Other men were fated to die on that grey February afternoon. Fighter Command was soon heavily committed, and innumerable air battles reeled back and forth over the German battle fleet as it surged on at top speed. Again, valuable time was lost before a second torpedo attack could be mounted. When it did come, at 3.45 p.m., the two or three Beauforts involved could not penetrate the appalling flak barrage thrown up by the warships. A second, more organised Coastal Command attack, this time by fourteen Beauforts, also met with little success, although at least six aircraft managed to break through and release their torpedoes. Against this display of determination, three Beauforts became lost in the rising mist and finally dropped their torpedoes against “three large ships” which turned out to be British destroyers racing to intercept the German fleet. In this atmosphere of confusion and chaos, Coastal Command activities came to an end. Three Beauforts and two Lockheed Hudsons had been shot down; and still the enemy ships had not been halted.

However, Admiral Ciliax was also having a difficult time. At about 2.30 p.m.—when Coastal Command was hurriedly assembling a striking force of Beauforts—the flagship Scharnhorst was abruptly shaken from stem to stern by a tremendous explosion. By great misfortune from the German point of view, she had struck a mine, and, with both propeller shafts damaged, was soon wallowing heavily to a standstill. Haunted by the fear of air attacks which were expected to hit the battle fleet at any moment, Ciliax decided to transfer his command to the destroyer Z-29, which was ordered alongside. As the two ships closed, the Admiral, his staff and the vital Luftwaffe fighter liaison staff leapt across the gap, and within minutes the destroyer was heading after the main fleet at full speed. However, Scharnhorst soon managed to repair her damage sufficiently to get under way again, despite repeated attacks during the afternoon by aircraft of Bomber Command.

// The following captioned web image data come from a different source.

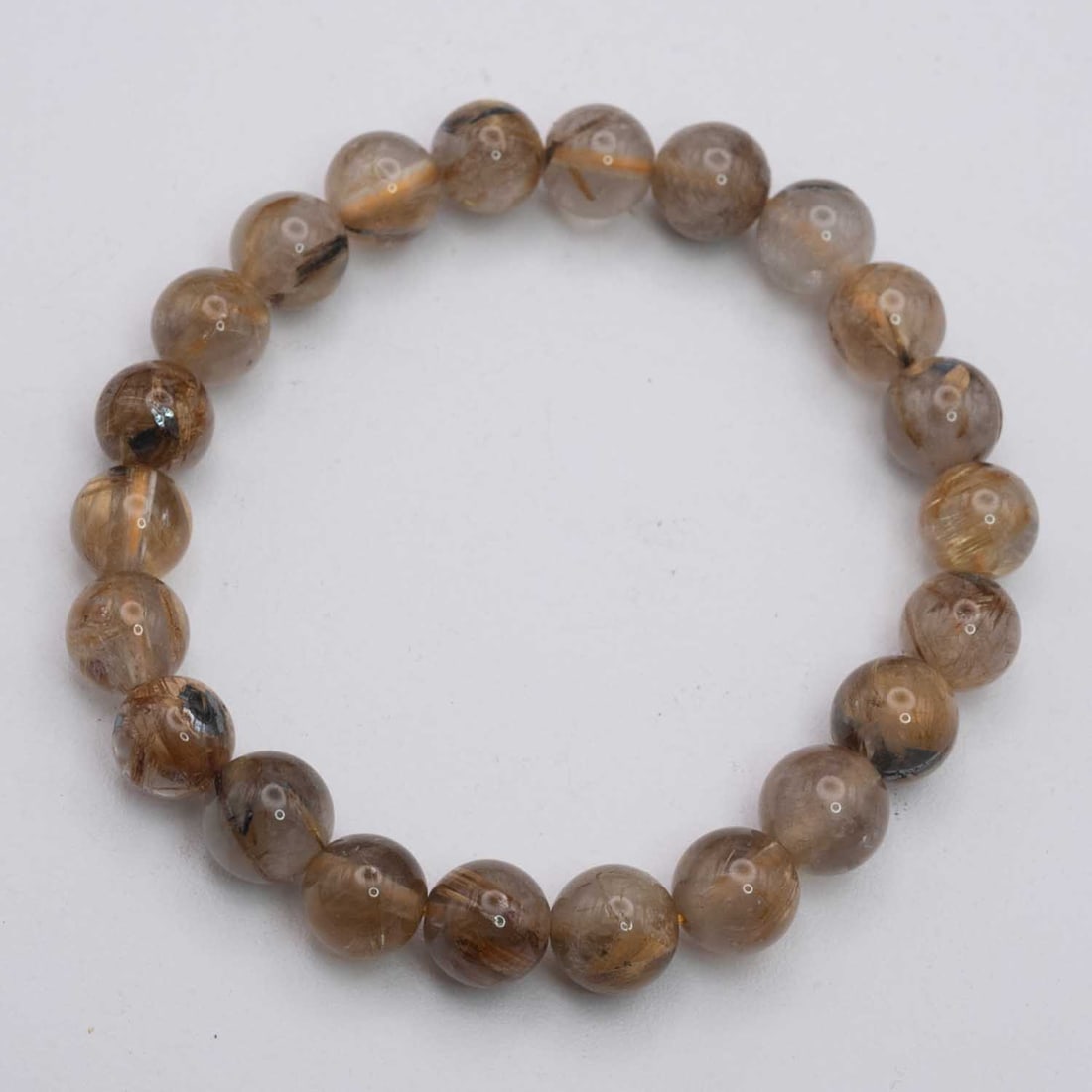 Natural Golden Rutilated Quartz Bracelet: Medium: Golden Rutilated Quartz Size: 9mm diameter each bead Age/Detail: Natural Condition: great overall, check photo for condition reference. Provenance: Collection from Estate in Williamsburg LiveS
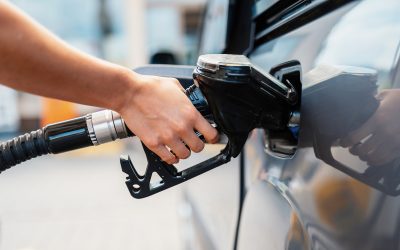 Closeup of woman pumping gasoline fuel in car at gas station. Petrol or gasoline being pumped into a motor. Transport concept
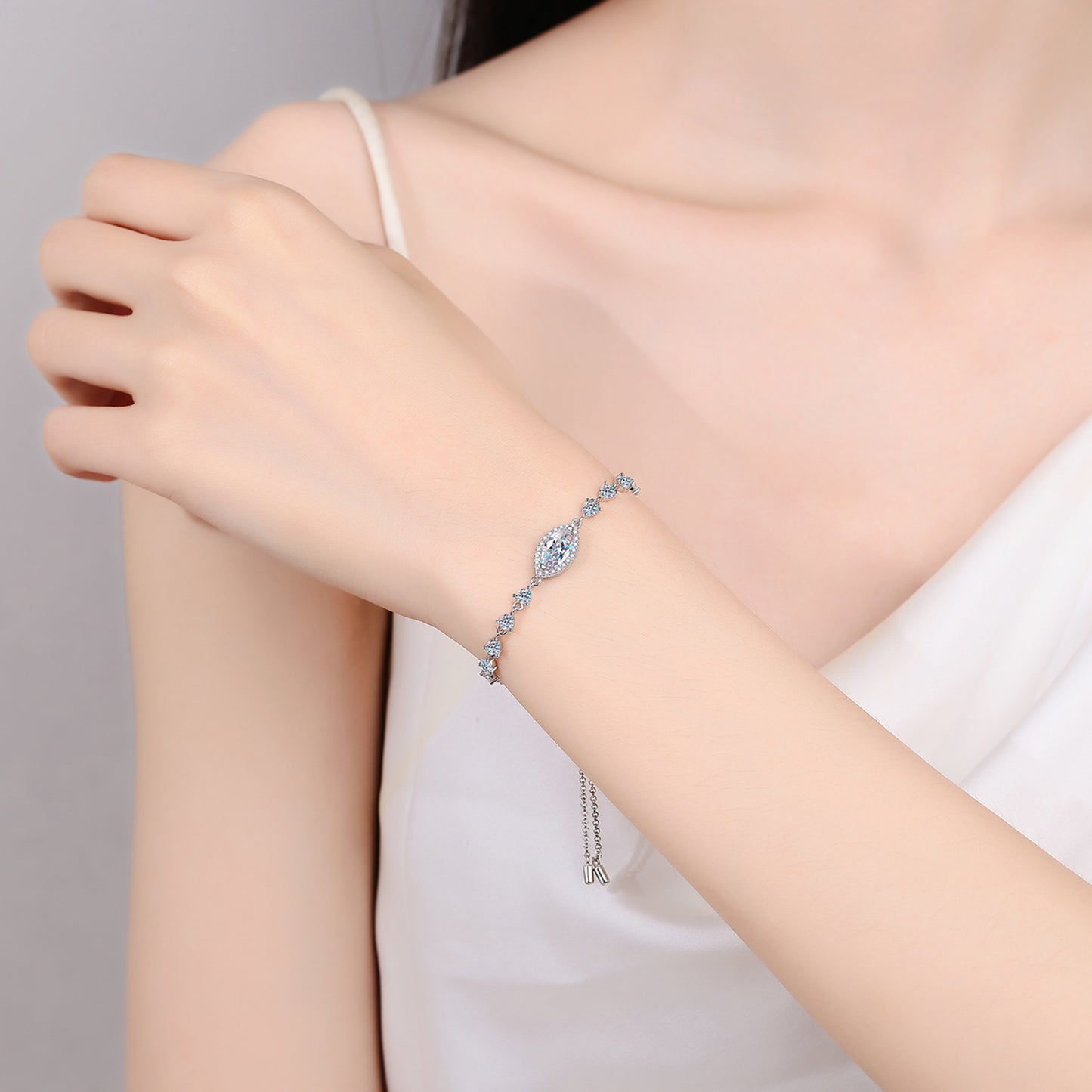 Woman wearing a beautiful moissanite bracelet with a marquis shaped center stone and smaller stones to both sides. 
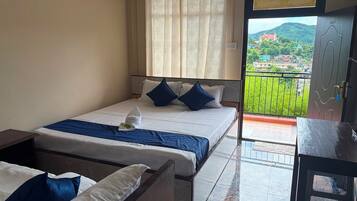 Una habitación de hotel con cama, escritorio y balcón con vistas a un paisaje verde.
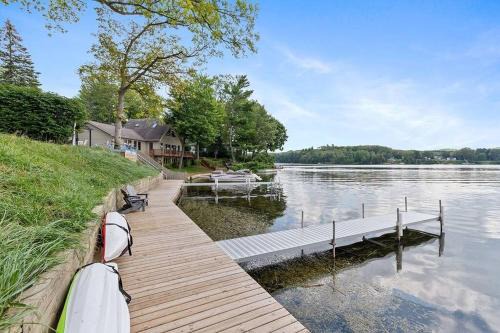 Newaygo Casa | 2 Lakefront Cottages with Docks, Bikes, BBQ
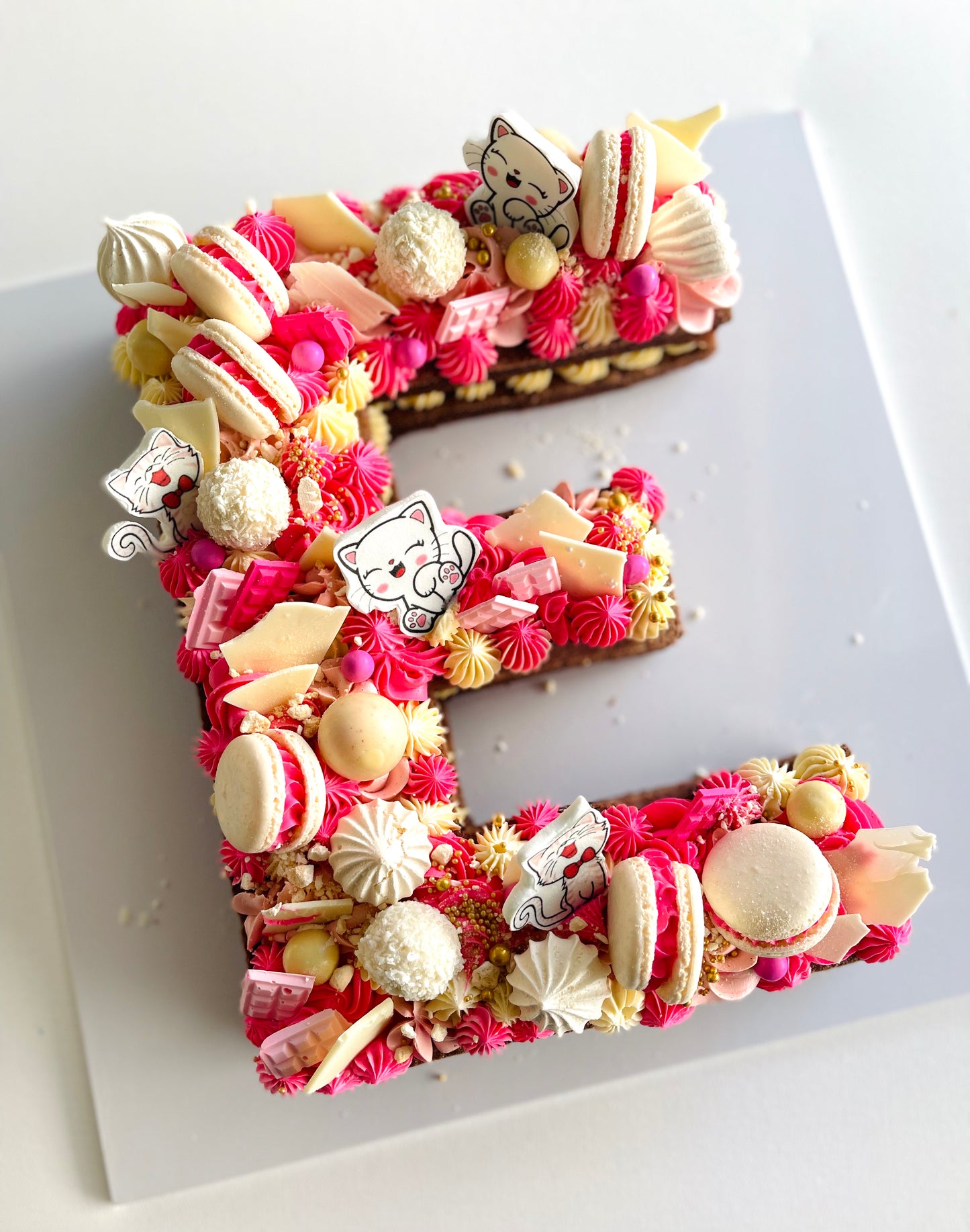 pink cat theme alphabet cake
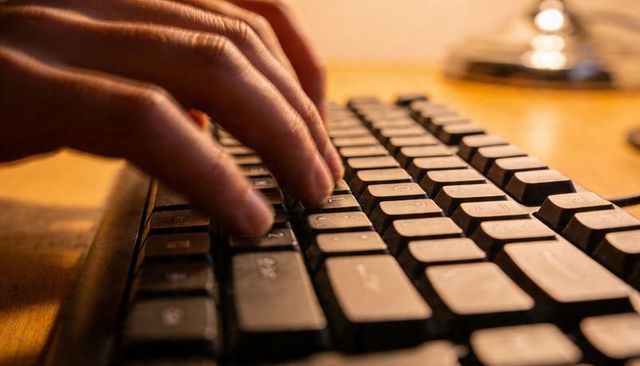 Warm closeup showing hands typing on keyboard pressing textured keys at wooden desk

Nearly four hours had elapsed after first sighting of the enemy ships before Bomber Command struck against them in any force, mainly because many of the aircraft supposedly at immediate readiness were armed only with armour-piercing bombs. When the alarm was given, high-altitude bombing with armour-piercing bombs was obviously impossible in the heavy cloud and deteriorating visibility of early afternoon, and most of these had therefore to be switched for general purpose bombs fused to explode on impact. Bomber Command thus accepted that it had little hope of crippling the German battle cruisers; it compromised by endeavouring to damage the lightly armoured upper decks and superstructures.

These final air attacks of the day were all courageously pressed home despite the fearful German flak barrage, yet none proved effective. At 2.30 p.m. the first wave of Bomber Command aircraft—seventy-three assorted bombers—struck at the enemy ships. Of the second wave of 134 bombers, only a few found the targets in the thickening mist, and those that survived the blanket of anti-aircraft fire had no success. A third wave, which went in through rain and mist in the early evening, failed to contact the enemy fleet at all. In the final assessment, fifteen bombers had been lost out of 242 committed—and again nothing had been achieved.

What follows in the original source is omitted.